Five Tips to Make the Most of Your End-of-Year Fundraising
One of the most critical elements of every organization’s fund development strategy is its end-of-year giving campaign. Individual donors donate more often and tend to make their largest donations around the holidays and the year’s end. If you haven’t started planning your end-of-year appeal—it’s time! Here are five tips for making the most of it.
- Ask! The number-one reason why people give is that they are asked. So ask with confidence, and be specific. Don’t just send a mass email about your great work with a “Donate Now” button at the bottom. Tell your donors about your great work—and also tell them how much you need, when you need it, and what impact it will make on supporting your mission.

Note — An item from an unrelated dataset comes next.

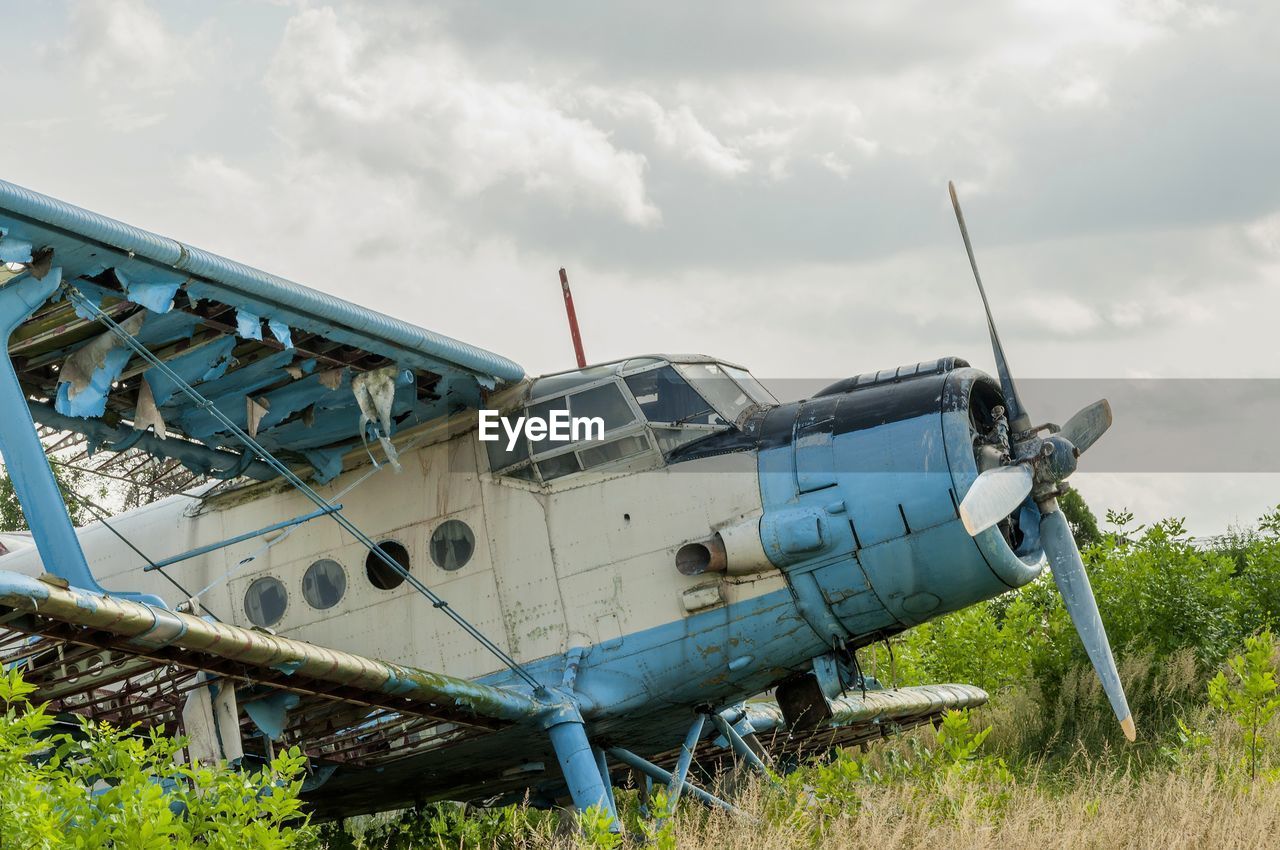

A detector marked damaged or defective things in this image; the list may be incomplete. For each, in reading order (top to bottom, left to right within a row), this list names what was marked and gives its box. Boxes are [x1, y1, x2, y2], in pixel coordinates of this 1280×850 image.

torn wing fabric [353, 366, 401, 471]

- Segment. Review your database and segment your donor and prospect lists based on past giving amounts and your research about prospects. If you are asking for more than a few hundred dollars, a phone call or in-person meeting will be more effective than a mailer. Divide your list into people you will meet with in person (the highest current donors and best prospects), people you will schedule a phone call with (the next highest donors and warmest prospects), those who will receive only print mailings and email, and those who will receive only emails because that’s the only contact information you have.
- Make it personal. I’d be delighted to never see another appeal letter signed by a development director! For written communications, the letter should come from whoever holds the highest stature with the donor or prospect. This is usually the board chair, the executive director, or both. On printed letters, a handwritten signature is a nice touch. You may also add a note. It is very effective for board members to write personal solicitation letters to their personal contacts. As a general principle, the more personal the ask (a personal handwritten note, addressed to the person directly, mentioning their connection to the organization), the better the response rate and higher the gift amount you will receive. And if someone else at the organization has a personal connection to the donor or prospect, have that person add a handwritten note to the letter.
- Make it timely. Avoid sending the appeal Thanksgiving week, when donors may be away on vacation or returning to a giant pile of mail. Same with late December. I recommend sending your first mailing around the end of October and a follow-up letter the first week of December. October is a good time to meet with your best donors and warmest prospects to ask for an end-of-year gift.
- Follow up. Often, one ask is not enough. Cultivate the relationship throughout the year and build up to the big end-of-year ask. Before the ask, you could send a postcard to all your donors and prospects announcing your upcoming campaign; then send an email or two about the campaign and post about it on social media. Now your donors will be primed to meet with you, speak with you by phone, or receive your appeal letter. After the ask, you can send a postcard or follow-up letter in early December. Then send email reminders and post on social media during the last week of the year. Of course, once the gifts come in, send personal thank you notes. And continue to nurture the relationship throughout the year ahead.
Implemented well, an end-of-year campaign can grow your organization’s individual support and help fund its strategic goals.